What the task asks - From the first line through the last, transcribe the listing word for word.

== Segment start ==

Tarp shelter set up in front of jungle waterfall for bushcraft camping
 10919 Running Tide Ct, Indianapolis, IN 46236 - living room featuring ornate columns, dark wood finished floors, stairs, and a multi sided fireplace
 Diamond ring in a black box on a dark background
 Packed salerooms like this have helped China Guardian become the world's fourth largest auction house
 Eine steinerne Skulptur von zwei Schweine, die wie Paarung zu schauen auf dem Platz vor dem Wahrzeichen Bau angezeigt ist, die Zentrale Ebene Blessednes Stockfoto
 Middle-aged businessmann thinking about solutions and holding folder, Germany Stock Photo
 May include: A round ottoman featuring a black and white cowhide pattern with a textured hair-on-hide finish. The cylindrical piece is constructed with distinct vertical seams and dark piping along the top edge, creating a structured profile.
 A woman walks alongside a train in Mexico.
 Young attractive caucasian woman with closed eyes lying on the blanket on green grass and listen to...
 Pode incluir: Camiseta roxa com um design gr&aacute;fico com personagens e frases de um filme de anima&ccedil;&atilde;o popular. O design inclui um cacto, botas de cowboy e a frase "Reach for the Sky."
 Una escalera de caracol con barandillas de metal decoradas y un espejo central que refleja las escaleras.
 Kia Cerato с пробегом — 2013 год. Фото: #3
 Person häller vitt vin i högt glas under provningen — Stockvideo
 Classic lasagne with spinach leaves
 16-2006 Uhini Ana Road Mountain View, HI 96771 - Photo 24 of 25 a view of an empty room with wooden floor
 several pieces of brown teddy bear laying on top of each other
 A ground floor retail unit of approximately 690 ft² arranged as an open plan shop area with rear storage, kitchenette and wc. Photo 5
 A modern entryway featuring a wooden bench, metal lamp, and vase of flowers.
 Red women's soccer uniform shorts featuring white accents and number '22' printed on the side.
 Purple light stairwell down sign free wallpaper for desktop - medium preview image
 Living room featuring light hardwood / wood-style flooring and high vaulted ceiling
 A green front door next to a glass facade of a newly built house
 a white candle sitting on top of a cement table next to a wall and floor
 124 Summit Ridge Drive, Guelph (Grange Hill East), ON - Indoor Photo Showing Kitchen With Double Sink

== Segment end ==

Final answer -
Tarp shelter set up in front of jungle waterfall for bushcraft camping
 10919 Running Tide Ct, Indianapolis, IN 46236 - living room featuring ornate columns, dark wood finished floors, stairs, and a multi sided fireplace
 Diamond ring in a black box on a dark background
 Packed salerooms like this have helped China Guardian become the world's fourth largest auction house
 Eine steinerne Skulptur von zwei Schweine, die wie Paarung zu schauen auf dem Platz vor dem Wahrzeichen Bau angezeigt ist, die Zentrale Ebene Blessednes Stockfoto
 Middle-aged businessmann thinking about solutions and holding folder, Germany Stock Photo
 May include: A round ottoman featuring a black and white cowhide pattern with a textured hair-on-hide finish. The cylindrical piece is constructed with distinct vertical seams and dark piping along the top edge, creating a structured profile.
 A woman walks alongside a train in Mexico.
 Young attractive caucasian woman with closed eyes lying on the blanket on green grass and listen to...
 Pode incluir: Camiseta roxa com um design gr&aacute;fico com personagens e frases de um filme de anima&ccedil;&atilde;o popular. O design inclui um cacto, botas de cowboy e a frase "Reach for the Sky."
 Una escalera de caracol con barandillas de metal decoradas y un espejo central que refleja las escaleras.
 Kia Cerato с пробегом — 2013 год. Фото: #3
 Person häller vitt vin i högt glas under provningen — Stockvideo
 Classic lasagne with spinach leaves
 16-2006 Uhini Ana Road Mountain View, HI 96771 - Photo 24 of 25 a view of an empty room with wooden floor
 several pieces of brown teddy bear laying on top of each other
 A ground floor retail unit of approximately 690 ft² arranged as an open plan shop area with rear storage, kitchenette and wc. Photo 5
 A modern entryway featuring a wooden bench, metal lamp, and vase of flowers.
 Red women's soccer uniform shorts featuring white accents and number '22' printed on the side.
 Purple light stairwell down sign free wallpaper for desktop - medium preview image
 Living room featuring light hardwood / wood-style flooring and high vaulted ceiling
 A green front door next to a glass facade of a newly built house
 a white candle sitting on top of a cement table next to a wall and floor
 124 Summit Ridge Drive, Guelph (Grange Hill East), ON - Indoor Photo Showing Kitchen With Double Sink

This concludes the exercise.